Saturday, January 15, 2022

'They Aren’t Really Interested in Instructing'

I fell asleep Thursday night rereading Terry Teachout’s essays about Willa Cather, Aaron Copland and Whit Stillman, among others, and I purposely choose the word “essay.” Terry’s pieces were originally written and published as reviews or articles in magazines and newspapers, but his sensibility – that idiosyncratic melding of learning, experience and emotion that make up a writer -- lent them more substance than their origins might imply. The poet W.S. Di Piero notes that “‘essay’ has embedded in it ‘assay,’ ‘weighing,’ ‘testing,’ ‘proofing,’ ‘trying out.’ ‘attempting.’” 

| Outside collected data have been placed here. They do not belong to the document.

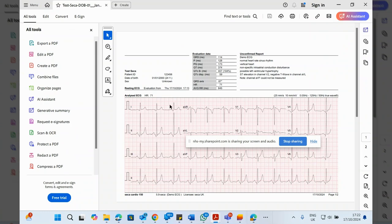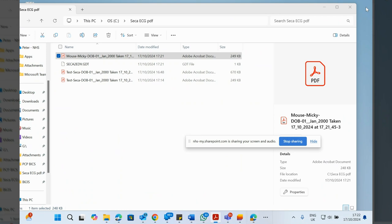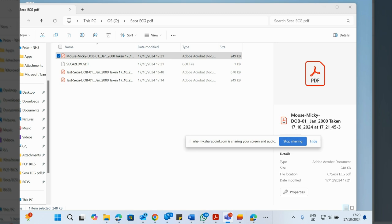Once you're happy, go into Teams, go into the Teams chat that you're in, hit plus, attach file, upload from this device. Go to where your ECGs are being saved, which will be C ECG PDFs. There's our Mickey Mouse. And then all you need to do is hit send, and that will send the ECG in the chat with the doctor.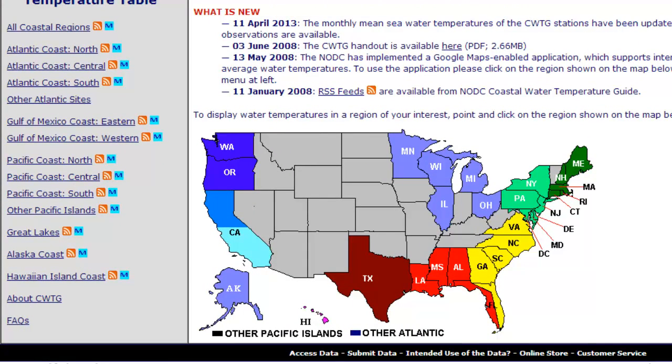with any states having water temperature available shown with a color. To view the water temperature in a specific state, click on it. In this example we are clicking on Texas.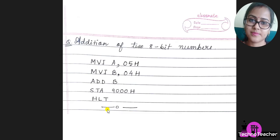For demonstration purposes today I have taken one very basic program, that is addition of two 8-bit numbers. Here I have neglected the carry part. I consider that all of you know how to write this program, but to brush up our knowledge let's have a look at the program.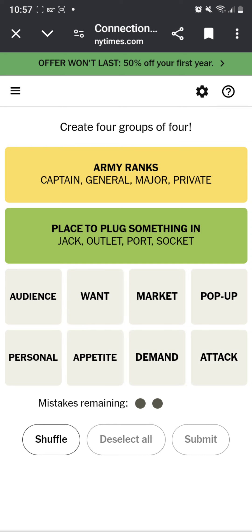Pop up. Like types of advertisement, like pop up? No. Demand, want. There's no way. I was gonna do random but personal, attack. Maybe it's want, demand. Want, demand, personal.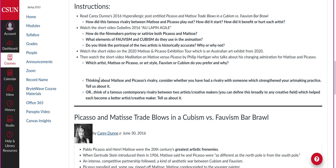Think about their rivalry. Have you personally had a rivalry with someone which helped your art-making practice? Or think of a famous contemporary rivalry between two artists or creative makers — this could be musicians, animators, or anything you want; you can define this broadly in terms of a creative field — which helped them become a better artist. And how was this portrayed? Was it in social media, in their songs? Tell us about it.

In “The Essayists” (1881) Leslie Stephen refers to a certain sort of familiar essay as “a gentle and continuous maundering about things in general.” Of all forms, the essay is closest to conversation. Terry, like any first-rate critical essayist, conveys the sense that he is confiding in us. He leans in close and shares what he knows, trusting we will understand. There’s no stridency, bullying, showing off or avant-garde affectation. Terry started out as a journalist and never repudiated the tradition that included such forebears as Hazlitt, Mencken, Neville Cardus, Virgil Thomson, Edwin Denby, Kenneth Tynan and Hilton Kramer. Stephen says of Hazlitt that he “speaks of his old enjoyments as a traveller might speak of the gush of fresh water which saved him from dying of thirst in the wilderness.”

 

I first became aware of Terry, linking the name with the writing, in this celebratory 1995 Wall Street Journal essay on the jazz pianist Roger Kellaway. In it he writes: “Whatever the context, his airy, sparkling playing is instantly recognizable.” We might, incidentally, say the same of Terry’s best essays.

 

In “Notes on Prose and Poetry,” the poet W.S Di Piero writes: “Essaying is always an act of criticism. Autobiography, too, is a criticism of life, criticism as an ongoing assessment of value. If I’m writing about literary things or the visual arts, I’m also arguing with aesthetic fact, with texts or images, or with other poets and critics. It’s explanatory and demonstrative and exemplifying. Great essaying critics like Dr. Johnson, Coleridge, Pater, and Erich Auerbach, have a sense of personal destiny, theirs, folded into the shapely immediacy of their prose. And they wrote with the destiny of the race in view. They instruct incidentally (and greatly), but they aren’t really interested in instructing.”

 

[“The Essayists” (1881) is collected in Leslie Stephen’s Men, Books, and Mountains (ed. S.O.A. Ullmann, Hogarth Press, 1956). The Di Piero piece is collected in Fat: New and Uncollected Prose, Carnegie Mellon University Press, 2020.]